Canales, Carlos / Del Rey, Miguel
Todos los conflictos bélicos, aunque quede oculto por el brillo de las «heroicas» batallas, se producen por causas económicas. La Segunda Guerra Mundial no es una excepción. No las hay.
Durante los años 20 del pasado siglo, la prosperidad había favorecido un aumento demográfico. La crisis del 29 hacía muy difícil mantener a toda esa población, lo que propició tanto en Alemania como en Japón, amparados en su superioridad industrial, que se difundieran ideologías de tipo nacionalista que justificaban la supremacía racial de unos países sobre otros de su entorno, para poder sobrevivir.
Hasta ahí, el planteamiento no era distinto del que se había hecho la humanidad durante veinte siglos. Las diferencias aparecieron cuando el Nacionalsocialismo optó por el crimen para poderlo llevar a cabo. Y no porque sus dirigentes tuvieran mentes preclaras destinadas a gobernar el mundo, todo lo contrario. Porque eran tan simples, que lo único que se les ocurrió para quedarse con todo lo robado fue matar a sus dueños.

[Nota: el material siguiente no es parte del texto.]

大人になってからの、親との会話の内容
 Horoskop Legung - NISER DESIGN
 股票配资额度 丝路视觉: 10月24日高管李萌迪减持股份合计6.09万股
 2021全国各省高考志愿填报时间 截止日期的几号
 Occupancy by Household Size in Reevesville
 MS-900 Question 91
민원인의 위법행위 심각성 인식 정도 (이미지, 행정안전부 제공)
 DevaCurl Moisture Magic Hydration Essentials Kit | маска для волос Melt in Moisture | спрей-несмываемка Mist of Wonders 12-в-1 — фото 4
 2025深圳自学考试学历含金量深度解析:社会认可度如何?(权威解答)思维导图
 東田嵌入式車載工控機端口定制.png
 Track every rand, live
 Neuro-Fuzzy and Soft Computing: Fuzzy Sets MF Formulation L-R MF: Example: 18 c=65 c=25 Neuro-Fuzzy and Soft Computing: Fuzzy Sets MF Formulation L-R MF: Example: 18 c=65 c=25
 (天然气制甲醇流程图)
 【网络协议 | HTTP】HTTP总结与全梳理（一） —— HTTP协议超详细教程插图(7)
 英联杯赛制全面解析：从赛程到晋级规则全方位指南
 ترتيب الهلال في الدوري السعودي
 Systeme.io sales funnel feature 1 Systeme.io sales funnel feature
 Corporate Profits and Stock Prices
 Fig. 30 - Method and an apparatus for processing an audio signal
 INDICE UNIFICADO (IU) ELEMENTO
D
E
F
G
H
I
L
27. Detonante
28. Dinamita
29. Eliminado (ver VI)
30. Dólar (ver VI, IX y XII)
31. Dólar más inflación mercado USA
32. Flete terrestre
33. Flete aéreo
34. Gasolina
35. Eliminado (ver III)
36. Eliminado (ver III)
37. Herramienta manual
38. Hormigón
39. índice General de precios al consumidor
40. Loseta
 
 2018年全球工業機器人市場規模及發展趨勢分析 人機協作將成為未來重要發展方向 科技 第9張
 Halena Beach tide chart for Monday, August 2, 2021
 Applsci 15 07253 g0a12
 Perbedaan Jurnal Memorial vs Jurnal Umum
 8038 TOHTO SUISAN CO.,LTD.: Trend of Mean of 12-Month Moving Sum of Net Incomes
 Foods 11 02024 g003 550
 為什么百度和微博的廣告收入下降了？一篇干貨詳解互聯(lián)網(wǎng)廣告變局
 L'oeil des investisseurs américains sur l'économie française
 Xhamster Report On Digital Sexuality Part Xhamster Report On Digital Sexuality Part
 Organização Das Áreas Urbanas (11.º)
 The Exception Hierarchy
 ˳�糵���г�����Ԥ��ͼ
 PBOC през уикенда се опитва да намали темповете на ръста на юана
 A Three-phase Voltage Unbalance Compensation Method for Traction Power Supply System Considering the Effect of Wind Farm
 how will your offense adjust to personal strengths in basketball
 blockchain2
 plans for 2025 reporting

Aseguramos una visión diferente a la guerra, hagámoslo desde el principio: los aliados no derrotaron a los ejércitos del Reich gracias a los estadounidenses que desembarcaron en Normandía como salvadores del mundo —aunque nos hayan convencido de ello machaconamente durante la posguerra—, sino gracias al esfuerzo sobrehumano de la Unión Soviética. La auténtica vencedora.